Better yet - read one of the Boyd biographies that are out there (as recommened in the linked articles) - and do a web search on his OODA paper - it's out there. I understand that getting the OODA talk was impressive, much more so than the paper
I put missing that up there with missing the talks from RADM Hopper (I'm a computer geek, so the later rank high)
Dang, Bill's really the grandson of Sir Frank "Power Jets" Whittle?
Dang.
Whittle, I think, writes at his finest on Boyd. I heartily concur with the recommendation to read both parts of Bill's excellent essay.
(And sure, read more on Boyd and OODA as well.)
I have followed Bill's essays since I discovered the blogosphere here thingy. Way back when I was searching for a rational explanation for 9-11. SURPRISE - There wasn't one, I came to find. But Whittle and den Beste made me think in other ways. WoC was a respite from the screeching of the Left and another rational island in what was and is a cacaphony of voices.
I recommend his collection of essays, when read as a work they are something else. If you want to have Plato or Locke or even Buckley, they are not for you, but they are a not-so-common man's views written for the everyday folks in the world.
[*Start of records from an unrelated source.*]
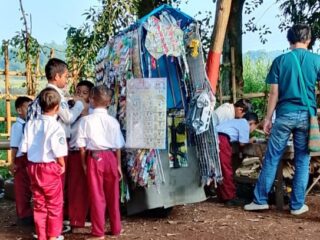 Diduga Ada Pelanggaran Jajanan Berbau Judi di Lingkungan SDN 3 Dawuan Barat,  Cikampek-Karawang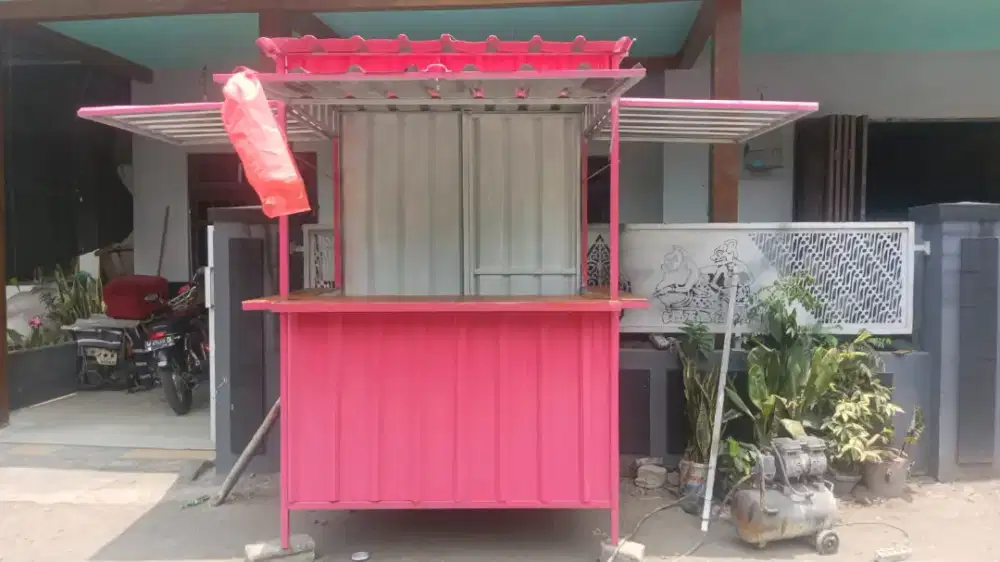 Booth Container Termurah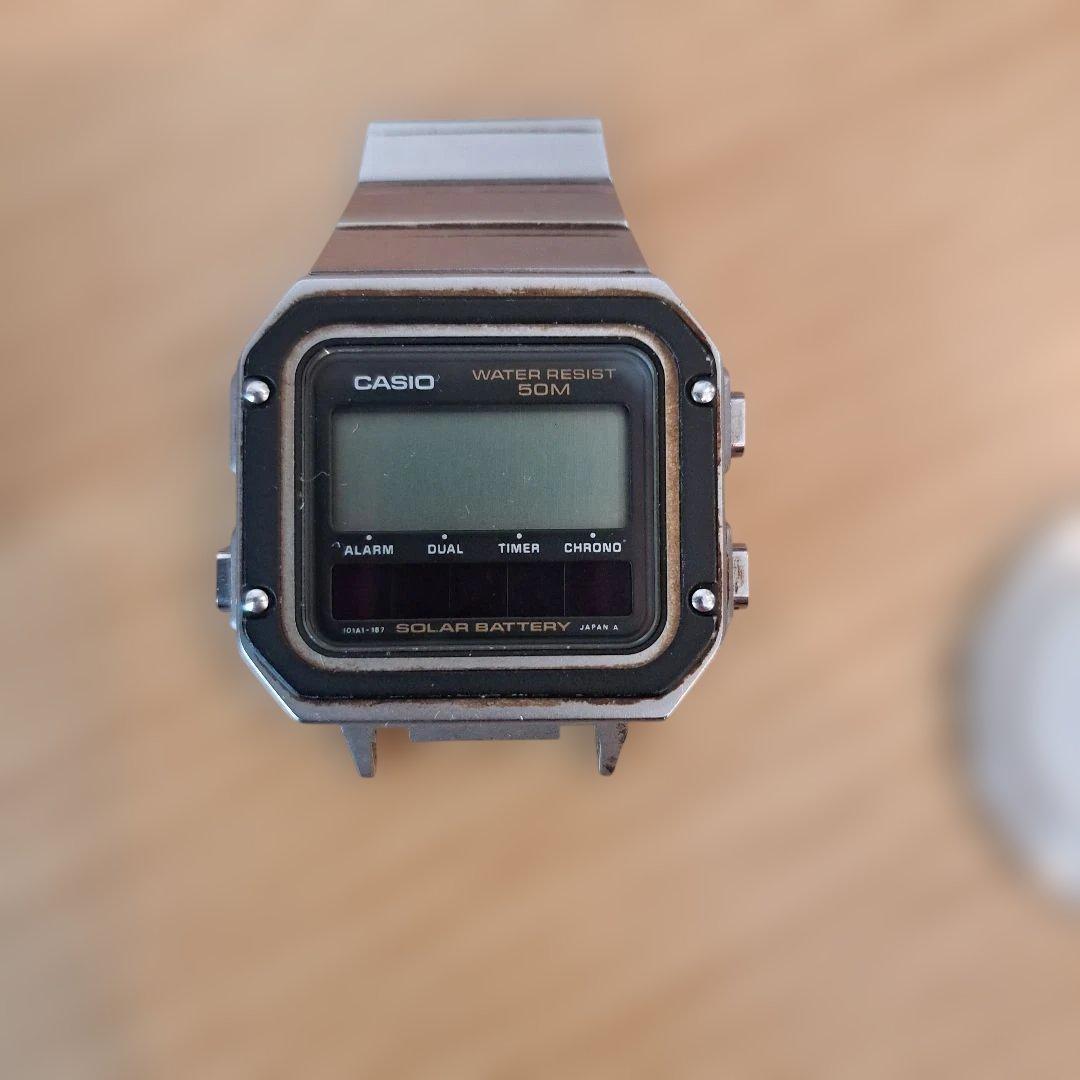 ジャンク　CASIO　F-10、WS-83、W-62A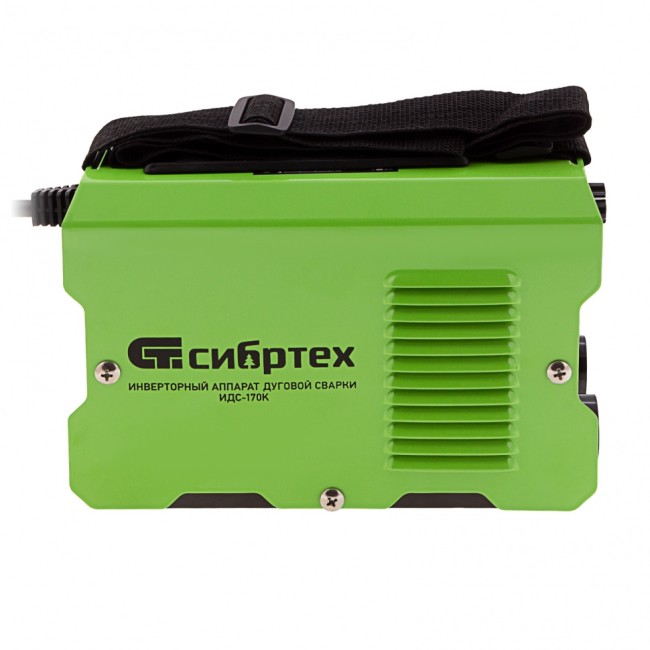 Инверторный аппарат дуговой сварки ИДС-170K Сибртех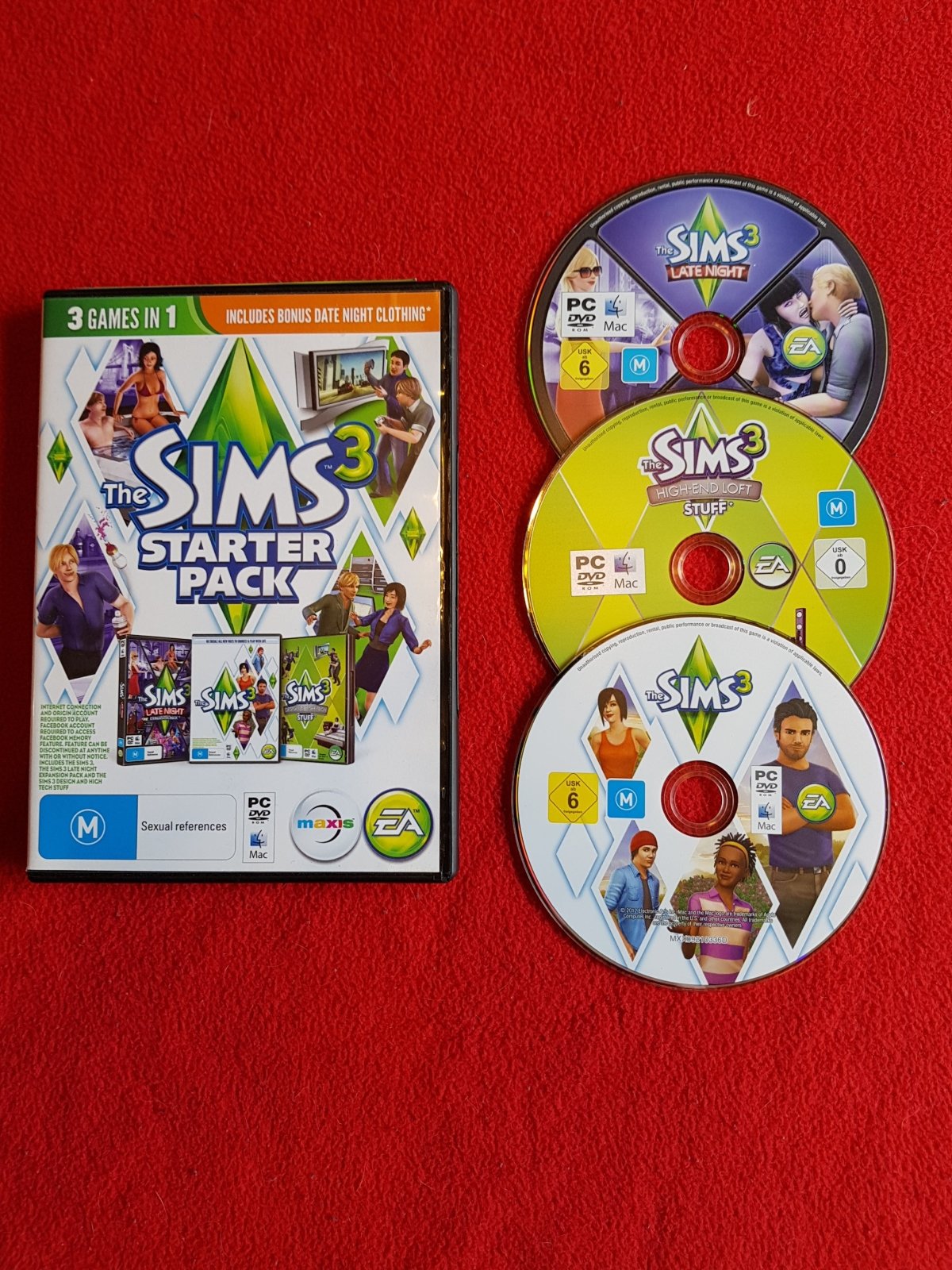 The Sims 3: Starter Pack! - PC and MAC Game - PC games, Simulation - Level Up Gaming NZ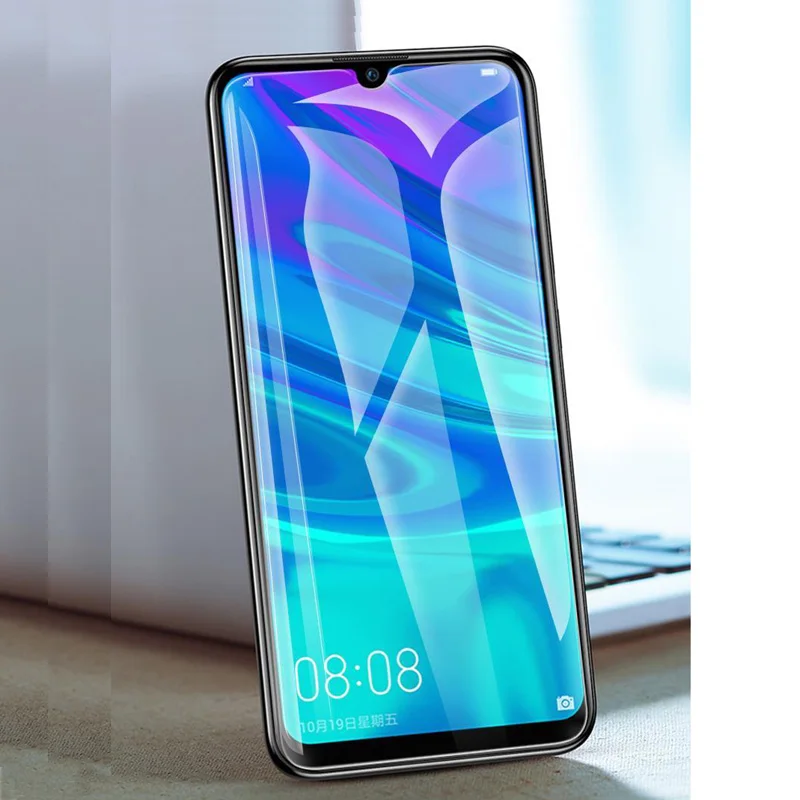 5 uds vidrio templado para Huawei P Smart 2021 2020 2019 Protector de pantalla 2.5D película protectora de vidrio para teléfono para Huawei P Smart S 9H - imagen 3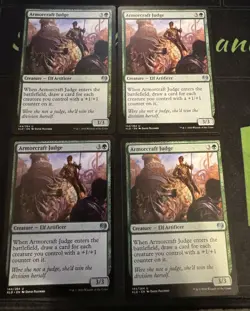 Armorcraft Judge X4 Kaladesh Magic the Gathering MTG - Image 1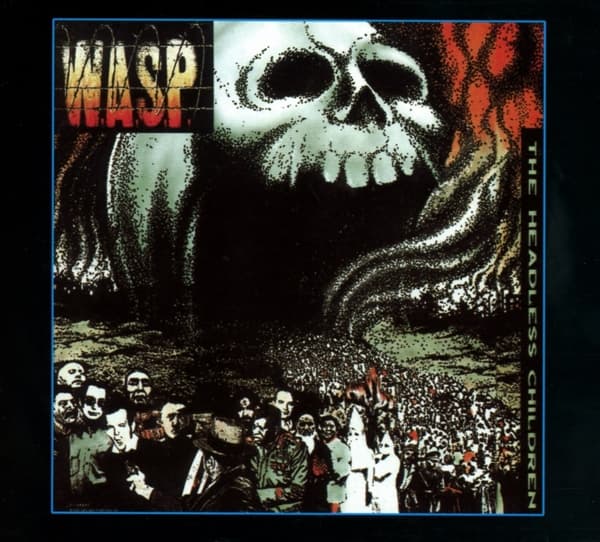 W.A.S.P. - The Headless Children (CD)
Boyd's OODA loop and flight manuevers are something to stimulate the mind. The Thach Weave is a simple and elegant solution to a not so obvious problem.
Count me as another fan of Col. Boyd. Another useful document is Robert Coram's biography of Boyd.
BTW, anyone who's run into the notion of 'decision loops' in management theory has already imbibed a little of Boyd's theory, though it's origin isn't often credited.
Yup, Bill's grandfather invented the jet engine for the allies, and laid the foundation for jet aircraft in Britain and America.
The link re: previous Winds coverage includes links to other Boyd-related resources, from OODA loops to other aspects of his theories.
Power back on at last... storm coming tomorrow. Oh, yeah.
...they are men who survive because they can (and have) initiated 16-to-1 fights because they possess the confidence – actually, the untrammeled ego – to know they will win.
That reminds me of a story told to me by a Luftwaffe pilot involving a P51. This fellow had test flown most of the Allied aircraft, fixed up after being downed, and had noted that the P51 stalled out without any warning vibration of the stick. Well, towards the end of the war he was leading a shwarm of inexperienced pilots low to the ground when they were attacked by a single Mustang. Rather than dog fight, he had the group fly in a close circle, flaps out, as slow as they could, and when the Mustang tried to follow them around it suddenly stalled out and crashed. The Luftwaffe guy was quite proud of this feat, but he agreed with me that the Mustang pilot was perhaps a bit foolish to attack the whole schwarm in the first place.
With many thanks for the kind words, I just felt the need to clarify: I am not -- as far as I know -- related to Sir Frank Whittle in any way other than spiritually, much as I would like to be.